Bringing in new tenants for Cohen’s office and retail would take a staggering amount of money and effort, and it’s unclear how much Fortress could recoup through asset sales. 

The parties’ grueling back-and-forth before the foreclosure and the multiple chances afforded Cohen to propose better terms imply that the lender would prefer a workout.

But the exasperation executives show in later emails and the firm’s unwillingness to take Cohen’s final offer — some of his assets — signal that Fortress’ patience may have run its course. Cohen has also been steadfast in refusing to provide particular assets as collateral. 

“My business is not a supermarket where a lender will come in and say, ‘I want this off this shelf and I want that off that shelf.’ I run a big business,” he said in a deposition . 

If Cohen can cut a deal with his lender, he may have to pump equity into assets, under tremendous pressure. But Shy’s affirmation signals Cohen’s “personal financial situation” may not allow for it.  

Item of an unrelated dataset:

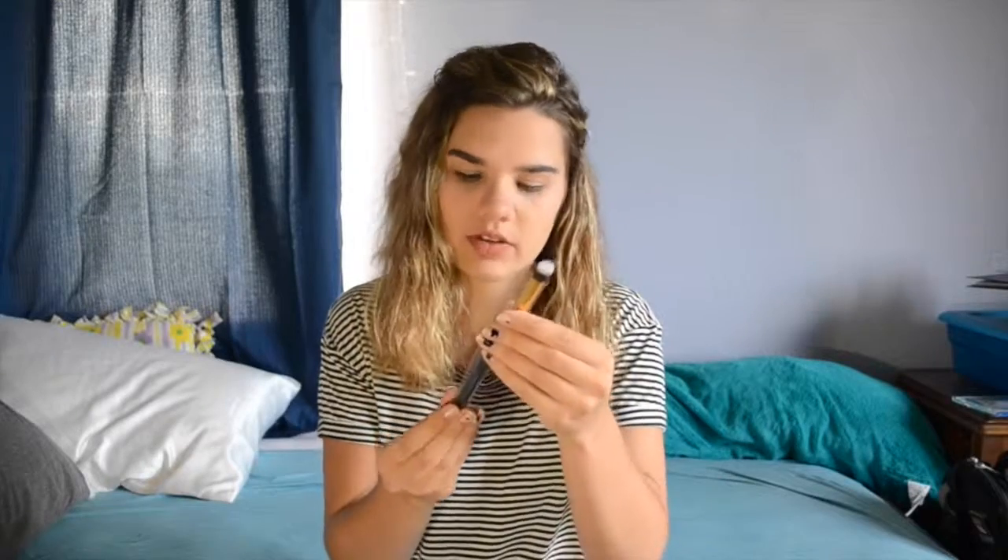Then I have another brush. I've never used this one before because I don't really know what it's for. It's like a stipple brush but tiny, and the brand is Glamier. If anyone knows what to use this for, let me know because I'm very curious.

If Cohen loses the assets, we’ll know the lenders are serious — a frightening prospect for a market in the throes of the worst down cycle since the Great Financial Crisis. 

Closing credits

In mid-May, Cohen filed papers to convert the upper floors of 623 Fifth Avenue, built in 1988, to residences.

Conversions are tricky — many buildings, particularly ’80s-era offices, are too big, vacancy has to be high enough, and construction financing remains a challenge. But owners of aging offices have few options. Renovating is expensive, and lowering rents unappealing. 

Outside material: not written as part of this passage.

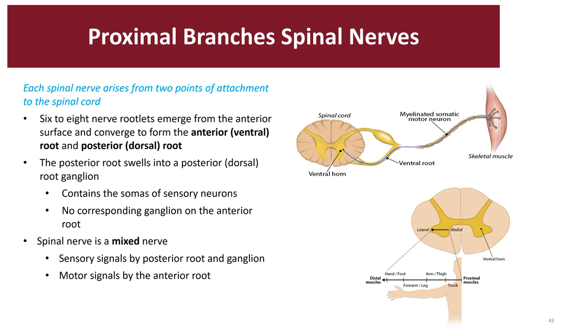Here is a sample cross-section of the spinal cord. Each spinal nerve arises from two points of attachment to the spinal cord. Six to eight nerve rootlets emerge from the anterior surface and converge to create the anterior ventral root. We also have the posterior dorsal root — all sensory information comes in from the dorsal side, and as it relays back out, it exits through the anterior root toward the muscle and effector. The dorsal root contains a small swelling region with the somas of many sensory neurons. The spinal nerve is a mixed nerve, with sensory information traveling via the posterior root and motor signals exiting through the anterior root.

Cohen already tried and failed on one conversion play. Last year, he defaulted on his ground lease at Tower 57 after he allegedly failed to pay $9 million in rent. He had asked his landlord to convert the building, which struggled with “substantial vacancy,” Cohen wrote in an email. But the land owner, William Wallace, refused. 

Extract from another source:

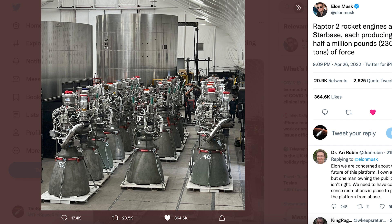Elon Musk posted this awesome picture of a whole load of Raptor 2 engines at Starbase. He said: Raptor 2 rocket engines at Starbase, each producing over half a million pounds — 230 tons — of force.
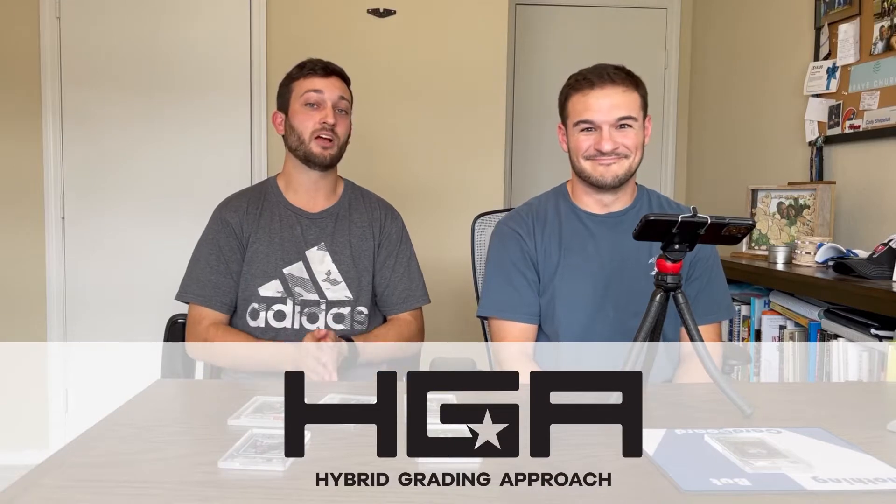What's up guys? It's Jon and Cody here and today we're going to be talking about HGA. HGA has been around for about a year now. They're a relatively new company, but they are known mostly for their custom labels and they have lots of different designs. A lot of them are pretty cool, some of them are hit and miss.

Cohen, in response, moved to surrender the building. The suit is ongoing.

Regardless of which recovery routes Cohen chooses, the complexity of the remedies will require his undivided attention.

In early May, a spokesperson for Cohen said the owner was unavailable to comment because he was again in Europe. Ship tracker MarineTraffic showed Cohen’s yacht, Seasense, moored in Genoa, Italy, alongside the yachts of billionaires Larry Page, co-founder of Google, and Ann Kroenke, Walmart heiress. Cherniak specified it was there for maintenance purposes.

Despite Cherniak’s claims that the source of Cohen’s net worth is “irrelevant,” much of it is tied to his real estate holdings, according to Variety.

If Cohen fails to work things out with Fortress or shore up the loans in alleged default or distress, his wealth, and therefore status, could hang in the balance.

By Cohen’s estimation, Fortress’ actions have already caused a potential “$1 billion in damages across my entire building portfolio.”

Cherniak stressed that the firm does not intend to lose any assets.

“We are not concerned,” he said. “Perhaps the newspapers are more concerned.”

Regardless of how Cohen’s plight plays out, the saga suggests that the laissez-faire asset management of the old guard is no longer an option. Even the biggest players must make a choice: Focus or face the music.